Mozes’s position, which he discussed previously and which he shares with Harry Binswanger (see the fourth chapter of my book for my critique of Binswanger), is that in some sense the bee that surrenders its life for the sake of the hive thereby actually acts for its own survival. As Mozes puts the point in his latest essay, if bees did not sting intruders at cost to their own lives, this “would be very likely to result in the hive being destroyed long before the bee was born.”

The relevant fact, though, is that the individual bee does not act for its own survival by doing something that helps save the hive but that causes it to die. Rather, the bee acts for the sake of the survival of the hive. The fact that previous bees acted similarly does not alter the basic dynamics.

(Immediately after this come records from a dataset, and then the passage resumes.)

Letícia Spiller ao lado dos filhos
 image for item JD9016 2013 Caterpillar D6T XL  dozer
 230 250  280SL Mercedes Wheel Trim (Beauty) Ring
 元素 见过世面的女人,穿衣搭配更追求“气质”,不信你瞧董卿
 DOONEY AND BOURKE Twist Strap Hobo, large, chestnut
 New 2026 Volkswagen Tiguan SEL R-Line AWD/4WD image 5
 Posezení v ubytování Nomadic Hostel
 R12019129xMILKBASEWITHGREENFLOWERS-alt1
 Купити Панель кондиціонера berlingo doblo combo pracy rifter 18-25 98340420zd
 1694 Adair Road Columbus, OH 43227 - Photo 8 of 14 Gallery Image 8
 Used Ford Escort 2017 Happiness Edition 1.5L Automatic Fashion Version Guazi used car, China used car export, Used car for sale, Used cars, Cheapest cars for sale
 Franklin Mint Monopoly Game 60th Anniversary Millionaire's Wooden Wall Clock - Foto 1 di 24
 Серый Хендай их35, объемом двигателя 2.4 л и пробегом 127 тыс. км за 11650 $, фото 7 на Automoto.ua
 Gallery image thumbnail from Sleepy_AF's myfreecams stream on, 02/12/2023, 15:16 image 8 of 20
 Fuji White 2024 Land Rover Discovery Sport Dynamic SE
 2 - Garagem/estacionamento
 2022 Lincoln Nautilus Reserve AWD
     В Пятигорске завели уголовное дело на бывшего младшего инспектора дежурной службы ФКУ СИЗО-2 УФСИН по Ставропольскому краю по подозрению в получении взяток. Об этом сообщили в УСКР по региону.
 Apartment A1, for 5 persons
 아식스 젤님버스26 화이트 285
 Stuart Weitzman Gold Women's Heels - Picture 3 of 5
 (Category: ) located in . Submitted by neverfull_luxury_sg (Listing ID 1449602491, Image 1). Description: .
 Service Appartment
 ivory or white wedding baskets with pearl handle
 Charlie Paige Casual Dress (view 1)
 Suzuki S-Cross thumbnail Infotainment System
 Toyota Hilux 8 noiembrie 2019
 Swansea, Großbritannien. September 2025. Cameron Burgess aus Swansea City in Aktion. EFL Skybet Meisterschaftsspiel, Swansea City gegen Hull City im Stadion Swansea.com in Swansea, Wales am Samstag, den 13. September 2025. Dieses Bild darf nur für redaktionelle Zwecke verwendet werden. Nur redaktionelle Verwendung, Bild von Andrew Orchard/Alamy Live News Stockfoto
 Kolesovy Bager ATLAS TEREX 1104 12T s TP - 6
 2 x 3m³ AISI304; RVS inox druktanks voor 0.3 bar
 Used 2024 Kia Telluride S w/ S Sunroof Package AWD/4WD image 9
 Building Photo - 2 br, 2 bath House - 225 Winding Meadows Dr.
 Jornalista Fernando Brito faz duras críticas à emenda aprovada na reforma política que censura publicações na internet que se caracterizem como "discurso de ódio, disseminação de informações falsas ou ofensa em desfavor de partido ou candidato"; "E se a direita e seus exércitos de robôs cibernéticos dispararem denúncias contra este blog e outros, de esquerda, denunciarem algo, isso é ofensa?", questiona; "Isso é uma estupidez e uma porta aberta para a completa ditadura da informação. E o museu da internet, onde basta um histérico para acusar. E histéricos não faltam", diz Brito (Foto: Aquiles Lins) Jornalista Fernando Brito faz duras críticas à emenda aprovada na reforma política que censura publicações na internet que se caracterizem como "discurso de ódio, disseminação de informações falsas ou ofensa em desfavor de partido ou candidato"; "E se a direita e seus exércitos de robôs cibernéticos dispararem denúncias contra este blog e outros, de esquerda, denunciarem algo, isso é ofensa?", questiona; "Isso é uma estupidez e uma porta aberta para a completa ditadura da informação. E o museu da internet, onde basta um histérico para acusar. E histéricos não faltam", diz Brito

Hence, the fact that the bee could not have acted differently does not salvage Mozes’s position, as he suggests it does. The bee’s values (what it acts to gain or keep) do not always orient to its survival. What matters is that, in fact, the bee acts to save the hive at cost to its own life. So Mozes’s note about the impossibility of an invisible gazelle is beside the point. What matters for our purposes is that gazelles, like other animals, in fact do things other than further their personal survival, such as compete for mates and devote resources to children.

At this point, I fear, some readers may lose sight of the point of the example. Obviously I am not saying that human beings live as bees. We have the capacity for choice and rational thought, and, moreover, we are social mammals rather than eusocial creatures such as bees, ants, and termites. (We needn’t get into technical debates over this; even if humans are eusocial in some respects, which I think is a stretch, still we are substantially different from bees.)

The point of the example is simply to show that Rand is wrong about the relationship between values and survival, a relationship that she saw as universal, applicable to all living creatures. The implications of this are different for bees than they are for people. There are obvious implications for people, though; for example, people sometimes risk or surrender their own lives for the sake of spouses or children. Objectivists call such behavior “egoistic” only by twisting the term beyond recognition and meaning.

Values in Themselves

Mozes rightly points out that, in my view, “the fact that we experience many values as valuable for their own sake refutes Rand’s view of survival as the ultimate end.” Mozes replies, “The fact that we experience many values as valuable for their own sake does not in any way refute Rand’s ethics,” because the goal of our “emotional capacity” as well as our “physical pleasure-pain mechanism” is survival.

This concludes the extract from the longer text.